Start of Exercise data
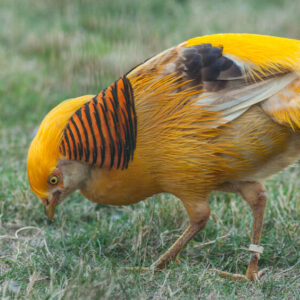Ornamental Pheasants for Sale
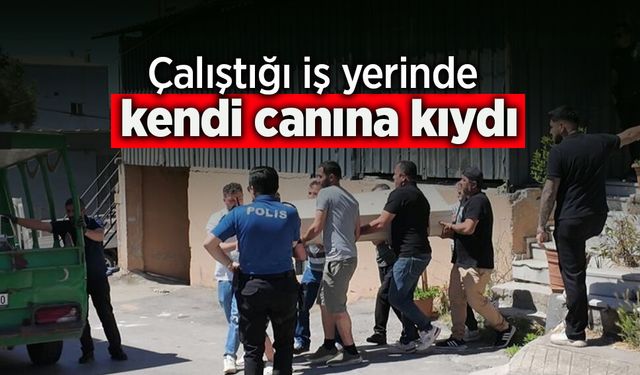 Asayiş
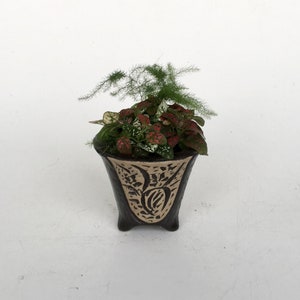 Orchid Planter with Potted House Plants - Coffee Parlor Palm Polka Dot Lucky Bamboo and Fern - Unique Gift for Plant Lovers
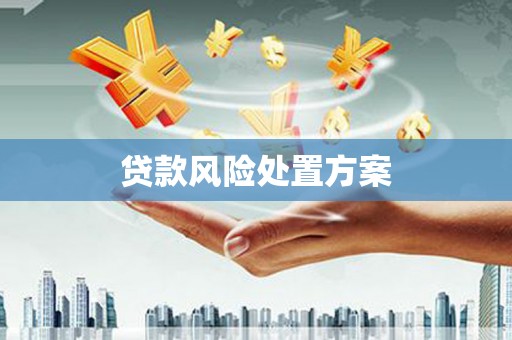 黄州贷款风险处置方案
End of Exercise data
Start of Exercise data
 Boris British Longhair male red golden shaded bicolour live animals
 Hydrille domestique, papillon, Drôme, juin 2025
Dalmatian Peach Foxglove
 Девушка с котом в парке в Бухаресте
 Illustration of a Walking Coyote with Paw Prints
End of Exercise data
Start of Exercise data
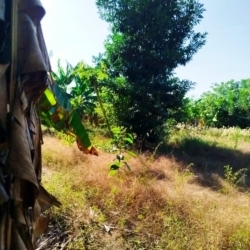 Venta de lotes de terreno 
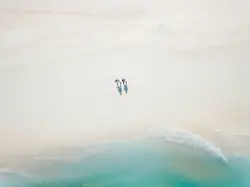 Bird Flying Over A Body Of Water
End of Exercise data
- **Problem statement**: Return only the part of the records above that opens with the line containing "Девушка с котом в парке в Бухаресте" and closes with the line containing "Illustration of a", ends included.

- **Written solution**:
 Девушка с котом в парке в Бухаресте
 Illustration of a Walking Coyote with Paw Prints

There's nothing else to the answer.